At this point, some noble soul (like what I used to be), may step out and declare that he continues to give of acts of love and genorosity even in the absence of reciprocation. Like a suffering matryr in a relationship, he continues to make sacrifices for the person he loves without him/her returning the favor. But nine of ten people of this sort also feel an accompanying sadness, sinking into pseudo-depression – and isn’t that sadness not also evidence of there having been a desire for reciprocation?
Most first loves fail, that’s a fact that we need to learn to accept. I wish it were different too, but like many other people, I’ve waited too long for someone to prove my accepted belief wrong. I’ve tried to prove it wrong too, only to end up alone in a pile of tears. The inevitability is so frightening that one becomes afraid to embark on any future intimate relationship.
But there is a reason for such failure, and as someone told me before, it’s all part of life. You fall and you learn. During the teenage years, it’s more important to learn about what we look out for in a person, it’s important to learn how to relate to a variety of different people, it’s important to forge a large network of friendships instead of investing all our time into a particular one.
When first loves fail, you begin to learn more about your own shortcomings, and you work on them in order to bring out the best in the next relationship.
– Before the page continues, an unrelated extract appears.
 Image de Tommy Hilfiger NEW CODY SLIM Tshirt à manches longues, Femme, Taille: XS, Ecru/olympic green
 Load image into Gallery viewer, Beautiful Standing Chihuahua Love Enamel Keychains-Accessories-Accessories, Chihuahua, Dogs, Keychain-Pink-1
When first loves fail, you learn to change yourself.
— (and here’s something for Christians to note) —
During the teenage years, it’s more important for one to find themselves instead of concentrating on another person. And for Christians, this means working on our relationship with God. I’ve come to realise that the folly of most relationships at this age is that they take our focus off the One we should be wholly concerned with. It is most heartbreaking to witness how many Christians sacrifice a more intimate relationship with God (which endures forever) for temporal bliss with that special someone. For Christians, Christ ought to be the most attractive – because of his perfection, love and goodness.
It is important for us to grow to become more Christlike at our age; There really is a sort of spiritual ‘attractiveness’ that comes with such growth in God. And one of the byproducts of becoming more like Christ is that we will also grow to be more attractive to other Christians (who find us attractive because they find Christ attractive). Naturally then, sparks fly, and the horizontal relationship between a loving Christian couple is firmly built upon their vertical relationship with the one they are truly enamored with – Christ.
When Christians fall in love, I believe that they must be purpose to be truly attracted not to each other, but to the Christ that abides within their partner.
When first loves fail (like mine did), you come to realise how much sweeter the presence of God is. When human love is stripped away, our view of God becomes less obscured than it once was.
— (so how tim, shall we just give up on relationships and focus entirely on our relationship with God? Will marriage be a compromise on my relationship with God? Should I just remain celibate all my life? —
I believe that both celibacy and marriage are a gift from God. And like all gifts from God, they are to be enjoyed because of the Giver and not the gift. If we are single, we praise God for that, and we glorify him through our singlehood – with the greater amount of free time we have to offer him in ministry, or spend with him in private. If we are married, we glorify him through that – with our love for God expressed through our love for our spouse.
and seriously, I’m getting tired of people who are more interested in finding a life partner, than working on their relationship with God.
—
so yea. the one lesson I learned the most from the past two years must be that God’s love trumps any human love. God’s infallible love is all the more greater in the light of the many relationships that break down around me – human love that is selfish is fallible. In any case, we should be pining for God’s love, the greatest gift, rather than focusing on BGR at this tender age.
But to all who are currently in a relationship, I’m often in a struggle. I struggle because I know not what to pray for except that God be glorified and that the parties involved will grow to be more Christlike. I struggle because I part of me wants for their relationship to last, yet a part of me has grown to believe that these relationships will eventually falter. But whatever it is, keep God as the central focus.
Nowadays, I just look at people in relationships and feel that it’s okay, let them take the course they have chosen. Somehow, God will reveal himself to them. Sometimes, you just need to touch the kettle first to find that it’s hot, and then you learn (:
so yes, relationship or not, may God be glorified.
as for me, I have somehow pledged to be single till the mid twenty-somethings. thankfully so. haha.